Management Packs

Management Packs

When purchasing a leasehold property, whether it be a flat or a house you need to obtain a management pack from the freeholder which will set out the freeholder's requirements following completion of the purchase.  The information contained in the pack is important as it relates to the property and can influence your decision to purchase the property.

It is for a seller to provide you with a management pack. Unfortunately, management packs can be very expensive, sometimes up to £500 but a leasehold property cannot be sold without one. 

Below you will find the information contained in the pack:

Services Charges

This information will be contained in the pack and should provide you with 3 years of accounts. Your solicitor/conveyancer should review this closely to see if there are any unusual expenditures. You must also ensure that there are no service charge arrears on the account, if there are, your solicitor/conveyancer should ensure these are addressed upon completion.

Ground Rent 

This is usually referred to in the lease although you may find out that the ground rent is collected by the Landlord/freeholder this may differ. Again, like service charges your solicitor/conveyancer should ensure that this is not in arrears.

Deed of Covenant 

The Lease will also inform you whether a deed of covenant must be entered into by the new owner then a draft copy should be provided by the management company together with their fees. By entering into a Deed of Covenant the new home owner is making a promise to the Landlord to adhere to all the provisions in the lease.

Easements and Covenants 

The 2011 Law Commission Report highlighted many practical problems with easements and covenants and proposed remedying them. Perhaps, the most important is the rule in freehold land that although a negative covenant can bind purchasers to a covenanter, a positive one cannot. The proposal is for a new 'land obligation' which will bind successors whether negative or positive.

This proposed change will make it much easier to arrange for the ongoing maintenance of roads, sewage treatment plants and environmental areas.
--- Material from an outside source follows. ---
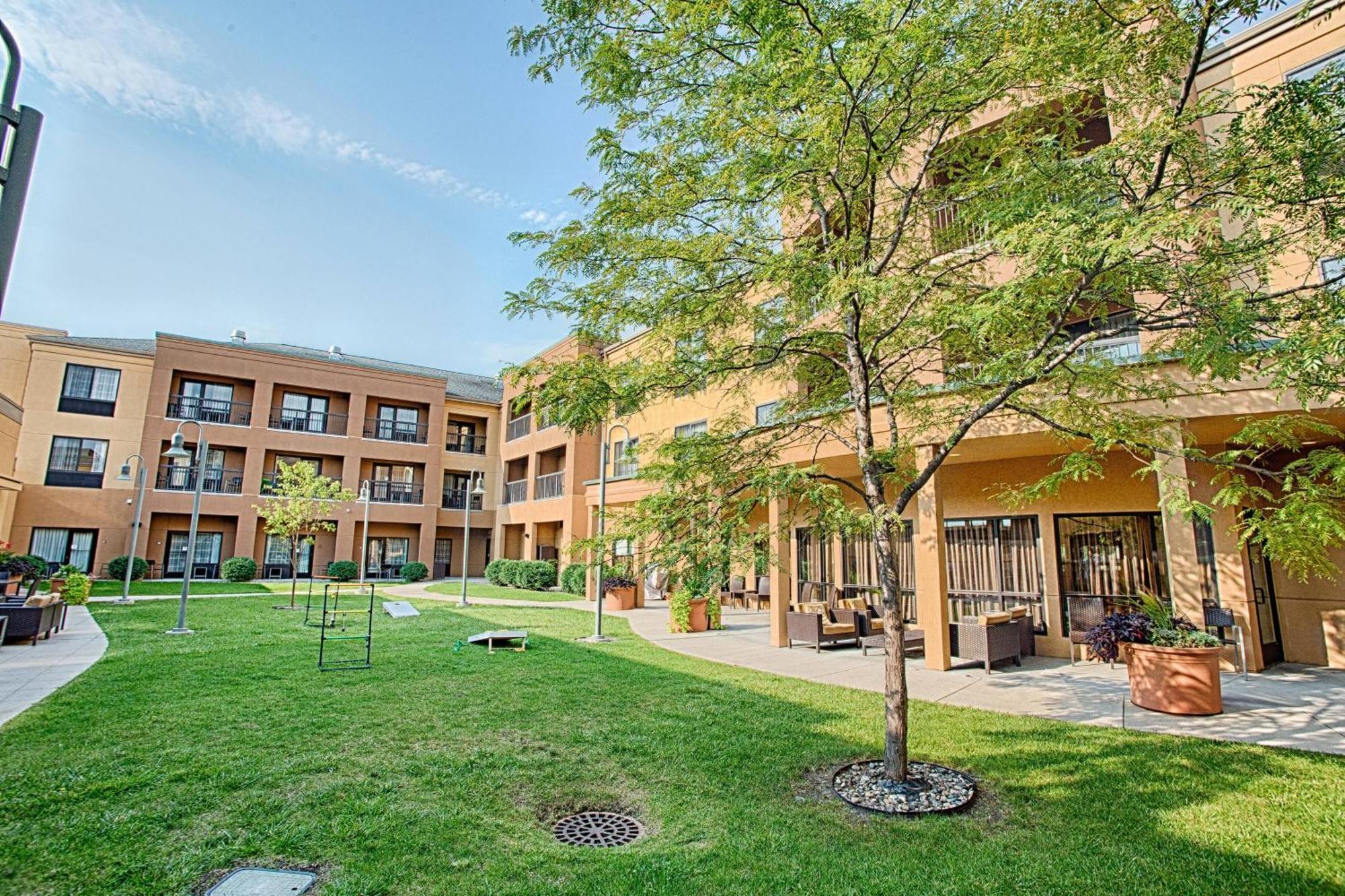 Courtyard Fargo Moorhead, Mn Hotel Kültér fotó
The Report recommends that these rules be simplified and most importantly, both the benefit and burden of covenants will be registered against the respective titles affected, as easements already are. It will be possible to see clearly who has the benefit as well as the burden of the covenant.

As far as easements are concerned, the Report recommended that 20 years' non-use of an easement should be sufficient to raise a presumption that the easement has been abandoned. This should result in a lesser need to worry about old or unknown easements affecting land and the expense of a policy to cover the risks involved.
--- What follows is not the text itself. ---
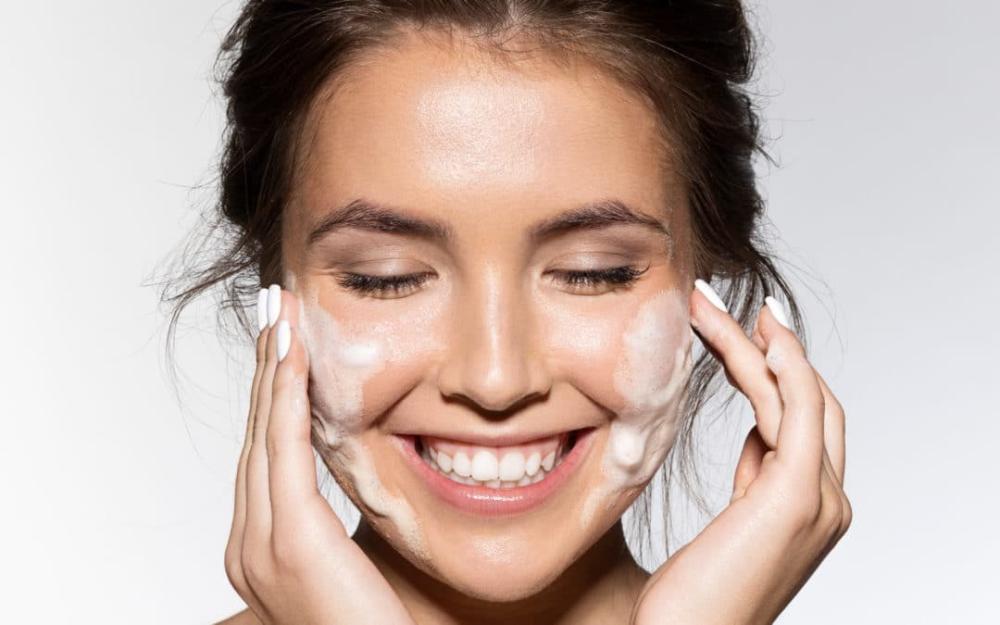 أهمية صابون تنظيف البشرة ونظرة عامة حول صابون سيباميد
There are also proposed changes with regard to the implication of easements on a sale of part. The rule existing in S62 LPA and Wheeldon v Burrows are confusing and unclear. The recommendation is that S62 should no longer lead to the creation of easements. The proposal is that easements should still be implied on a sale of part, but only in clearer, strictly defined circumstances.

Covenants

Many properties, both Freehold and Leasehold will contain positive and restrictive covenants within the legal title of the property. Covenants are legally binding restrictions, duties or conditions imposed on a property that have to be complied with through your ownership of the property. Failure to do so may lead to enforcement action and financial penalties, which are decided by the restriction holder.

Positive covenant

A positive covenant is an obligation to do something over land. Examples of this include:

  • To maintain a boundary.
  • Contribute towards the cost of a private access road.
  • The payment of service charge fee for a leasehold premise.
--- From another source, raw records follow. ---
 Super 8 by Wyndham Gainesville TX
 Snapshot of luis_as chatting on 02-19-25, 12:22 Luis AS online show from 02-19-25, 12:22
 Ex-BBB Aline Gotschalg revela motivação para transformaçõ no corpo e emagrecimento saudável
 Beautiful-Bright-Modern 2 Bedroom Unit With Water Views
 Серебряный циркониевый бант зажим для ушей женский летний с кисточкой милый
The effect of positive covenants

Positive covenants are put into place by way of an agreement between the original parties to a deed and cannot run with the land when it is sold. Consequently, if you were the original party to a deed who was required to undertake a positive action over land and it was later sold, you as the original party to the deed would remain liable for any breaches of that positive covenant.

How can this be resolved?

There are two ways in which you can counteract this effect as the original party who is burdened by the positive covenant. Firstly, the most common way is for a proposed purchaser of the burdened land to enter into a deed of covenant. The deed of covenant is confirmation that the proposed purchaser will perform the positive covenant and that they will not sell the land unless a deed is obtained. Secondly, your solicitor could put into force a chain of indemnity in the transfer deed.

If on the other hand you are the party that benefits from the positive covenant, future owners of the land who have the benefit can enforce the covenant against the original owner of the burdened land.

Restrictive covenant 

A restrictive covenant limits the use of the land in a specified way. Here are just a few examples of the types of restrictive covenants you might come across:

  • To be prohibited from using the land for trade or business purposes.
  • Not being allowed to build on the land without the consent of the party who has the benefit of the covenant.
  • Restrictions on access over land.

The effect of restrictive covenants 

Once the restrictive covenant is put into place by way of a deed, in contrast to positive covenants, restrictive covenants run with the land and are not simply bound to the original parties to the deed.

They are enforceable by one landowner against another, provided that the following conditions are satisfied:

  • The covenant must be restrictive.
  • There must be land that benefits from the covenant.
  • The burden of the covenant must have been intended to run with the land i.e. it must be made clear that it is to take effect on future owners of the land. Future owners of the land must be given notice of the covenant.